PROBLEM DESCRIPTION:
Below are records; transcribe only the line with "2003 Donruss Champions" and those after it, through the last line, without any change.

• • •

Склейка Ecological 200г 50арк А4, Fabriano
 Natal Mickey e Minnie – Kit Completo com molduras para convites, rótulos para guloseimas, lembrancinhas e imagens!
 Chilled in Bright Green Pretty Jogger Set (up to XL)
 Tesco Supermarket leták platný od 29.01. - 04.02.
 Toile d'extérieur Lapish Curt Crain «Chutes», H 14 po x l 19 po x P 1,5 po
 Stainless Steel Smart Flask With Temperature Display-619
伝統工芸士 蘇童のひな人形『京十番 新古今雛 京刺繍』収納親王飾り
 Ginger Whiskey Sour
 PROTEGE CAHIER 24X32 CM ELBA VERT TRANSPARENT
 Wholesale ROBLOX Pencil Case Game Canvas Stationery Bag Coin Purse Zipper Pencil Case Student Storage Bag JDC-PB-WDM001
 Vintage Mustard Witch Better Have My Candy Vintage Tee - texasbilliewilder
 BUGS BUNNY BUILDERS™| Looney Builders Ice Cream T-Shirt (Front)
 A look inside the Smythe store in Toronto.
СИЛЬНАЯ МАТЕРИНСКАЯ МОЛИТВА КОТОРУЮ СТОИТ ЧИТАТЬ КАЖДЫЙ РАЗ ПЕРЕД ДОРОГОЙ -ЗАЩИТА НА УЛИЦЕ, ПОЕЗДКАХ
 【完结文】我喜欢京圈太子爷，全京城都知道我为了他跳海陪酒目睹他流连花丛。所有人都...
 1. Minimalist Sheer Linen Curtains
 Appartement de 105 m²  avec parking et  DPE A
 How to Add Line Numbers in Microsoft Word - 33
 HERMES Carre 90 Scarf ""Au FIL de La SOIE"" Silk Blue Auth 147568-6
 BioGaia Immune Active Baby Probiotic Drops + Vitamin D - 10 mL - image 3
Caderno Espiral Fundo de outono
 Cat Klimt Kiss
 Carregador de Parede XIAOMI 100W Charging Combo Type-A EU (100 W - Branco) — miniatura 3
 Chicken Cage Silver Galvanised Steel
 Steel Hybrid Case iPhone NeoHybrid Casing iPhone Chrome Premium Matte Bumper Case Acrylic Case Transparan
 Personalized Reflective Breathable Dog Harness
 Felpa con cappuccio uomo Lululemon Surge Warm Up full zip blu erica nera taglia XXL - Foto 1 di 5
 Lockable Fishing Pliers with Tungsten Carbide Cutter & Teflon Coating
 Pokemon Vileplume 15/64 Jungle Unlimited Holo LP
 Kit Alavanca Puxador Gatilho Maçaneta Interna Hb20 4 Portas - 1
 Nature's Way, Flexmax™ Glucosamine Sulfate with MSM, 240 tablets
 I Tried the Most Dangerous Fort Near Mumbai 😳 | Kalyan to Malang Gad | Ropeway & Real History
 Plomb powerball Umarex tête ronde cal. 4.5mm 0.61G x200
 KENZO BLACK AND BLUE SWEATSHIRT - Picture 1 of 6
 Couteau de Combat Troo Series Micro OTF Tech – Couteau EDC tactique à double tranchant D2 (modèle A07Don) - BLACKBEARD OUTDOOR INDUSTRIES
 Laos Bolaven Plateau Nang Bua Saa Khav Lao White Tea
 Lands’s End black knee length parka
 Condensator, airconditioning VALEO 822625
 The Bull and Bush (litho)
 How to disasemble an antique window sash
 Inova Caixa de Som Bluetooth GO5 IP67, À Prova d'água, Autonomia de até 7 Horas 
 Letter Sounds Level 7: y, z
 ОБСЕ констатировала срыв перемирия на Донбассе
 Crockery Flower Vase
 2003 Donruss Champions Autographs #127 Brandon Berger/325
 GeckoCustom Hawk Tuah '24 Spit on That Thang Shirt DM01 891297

• • •

FINAL ANSWER:
 2003 Donruss Champions Autographs #127 Brandon Berger/325
 GeckoCustom Hawk Tuah '24 Spit on That Thang Shirt DM01 891297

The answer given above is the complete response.